The ultra-confident may simply be so incompetent that they don’t realise how bad they are, known as the Dunning-Kruger effect.  The other, reassuring side of that coin is that if you’re self-aware enough to think you’re a fraud, you may well not be.

I guess the best thing to do, whether you’re wearing a mask already or worried about putting one on, is just to be yourself.

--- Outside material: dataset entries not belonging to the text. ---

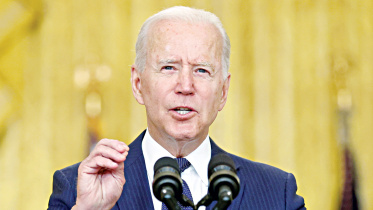 joe-bden.jpg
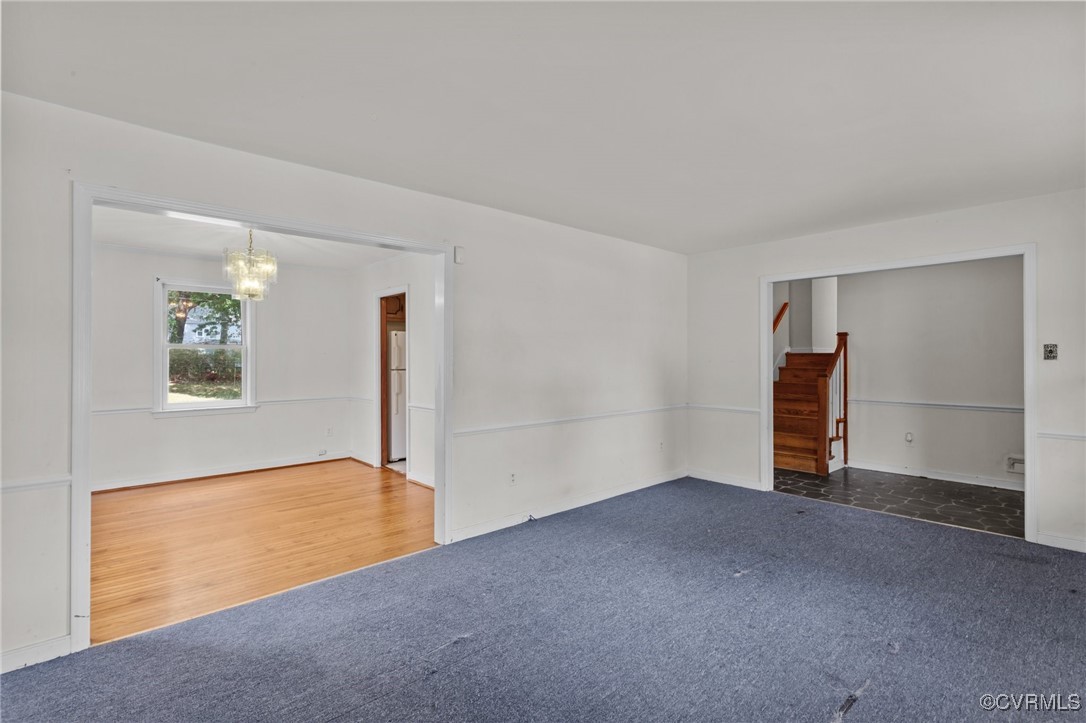 1705 Lauderdale Dr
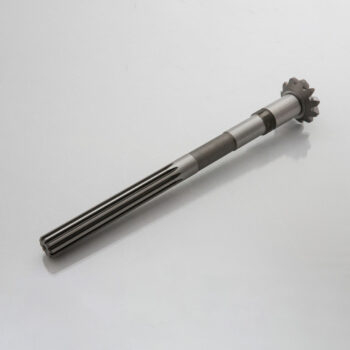 52-2308065 11T Shaft For MTZ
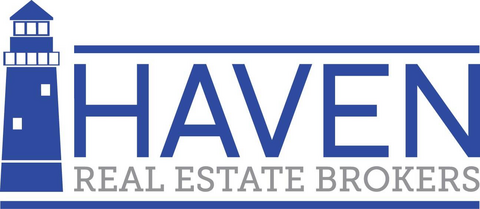 My Logo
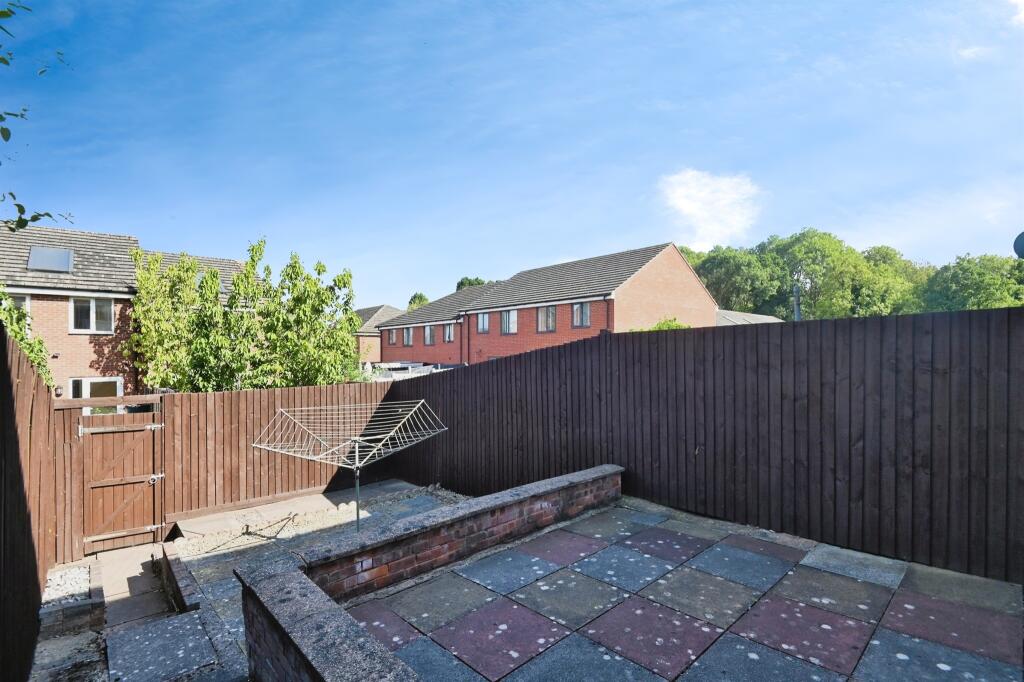 Additional image 17 of Woodpecker Grove, Birmingham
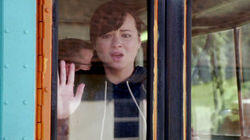 Are You There God? It's Me, Jenna Are You There God? It's Me, Jenna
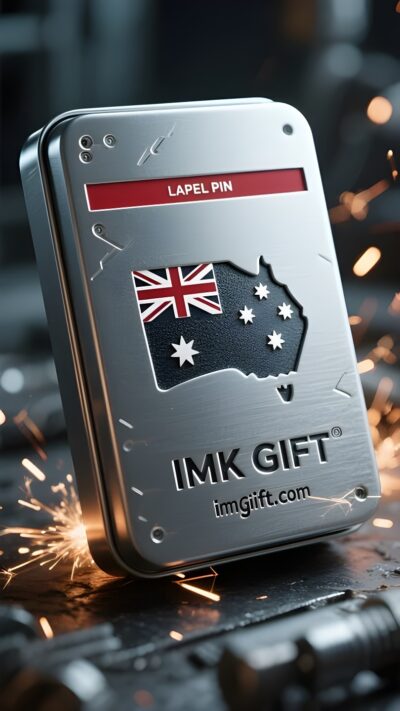 in986-The-stars-and-power-in-a-small-space-the-code-of-progress-in-the-national-flag-and-national-emblem-business-card-box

Hey, don’t write yourself off yet
It’s only in your head you feel left out or looked down on.
Just try your best, try everything you can.
And don’t you worry what they tell themselves when you’re away.It just takes some time,
Little girl, you’re in the middle of the ride.
Everything, everything will be just fine,
Everything, everything will be alright, alright.Hey, you know they’re all the same.
You know you’re doing better on your own (on your own), so don’t buy in.
Live right now, yeah, just be yourself.
It doesn’t matter if it’s good enough (good enough) for someone else.

It just takes some time,
Little girl, you’re in the middle of the ride.
Everything, everything will be just fine,
Everything, everything will be alright, alright.
It just takes some time,
Little girl, you’re in the middle of the ride.
Everything, everything will be just fine,
Everything, everything will be alright, alright.

Hey, don’t write yourself off yet.
It’s only in your head you feel left out or looked down on.
Just do your best (just do your best), do everything you can (do everything you can).
And don’t you worry what the bitter hearts are gonna say.

It just takes some time,
Little girl, you’re in the middle of the ride.
Everything, everything will be just fine,
Everything, everything will be alright, alright.
It just takes some time,
Little girl, you’re in the middle of the ride.
Everything, everything will be just fine,
Everything, everything will be alright.